Jack Camwell said...

Very true. I think of Javert in those type of scenarios when reality bursts your bubble for you.

Harrison said...

I saw the film but, to be honest, I really didn't get into it that much. Perhaps I missed something but I think you need to know the backstory of all these people to really "get it."

Jack Camwell said...

Well, it's an extremely dense film, and I think you're right that background knowledge on the characters is a good thing to have.

The Watchmen is definitely something that you have to watch more than once in order to unpack and understand it all.

Wade said...

It's very sad, in my opinion, how so many people are indeed dense in their beliefs.

If people learned to be more open-minded, especially towards opposing subjects, and learned to compromise - instead of merely "reenacting" nature's flaws - there would be a LOT less confusion in the world.
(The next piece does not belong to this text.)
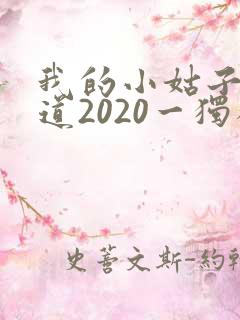 我的小姑子的味道2020一独狼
In a way, Rorschach is kinda who you don't need to be because you'd be completely closed off to compromise and reason, except for justification of your own reasoning. Therefore meaning ecological coexistence with someone like Rorschach would be impossible, save for opposing reasons.

In an ecological sense, Life is a much less valued commodity than Intelligence, given the fact it is in less abundance than what's naturally present on our Earth. And in that respect, intelligence can be extended for longer than the average lifespan by passing that information on through books and recorded media. In a plausible future, life will possibly lose value significantly against intellect, being that synthetic and augmented life-forms will have value based on the amount of information they can create - and that life could possibly be extended indefinitely, lessening its value substantially.

Yes, my ideas are that far ahead.

Jack Camwell said...

Wade,
Thank you for visiting my little patch of internet space.

I honestly can't add anything to your comment, because I think you're right. Your response is very well reasoned, and I like where you went with it.

Greater open-mindedness in myself and other people is something I'm trying to achieve, in an ironic way.

P.S. - Your comments didn't publish immediately because the spam filter flagged it for some reason. Please don't think I was trying to censor you or anything (comment moderation is off here, because I don't even want the temptation of censoring anyone).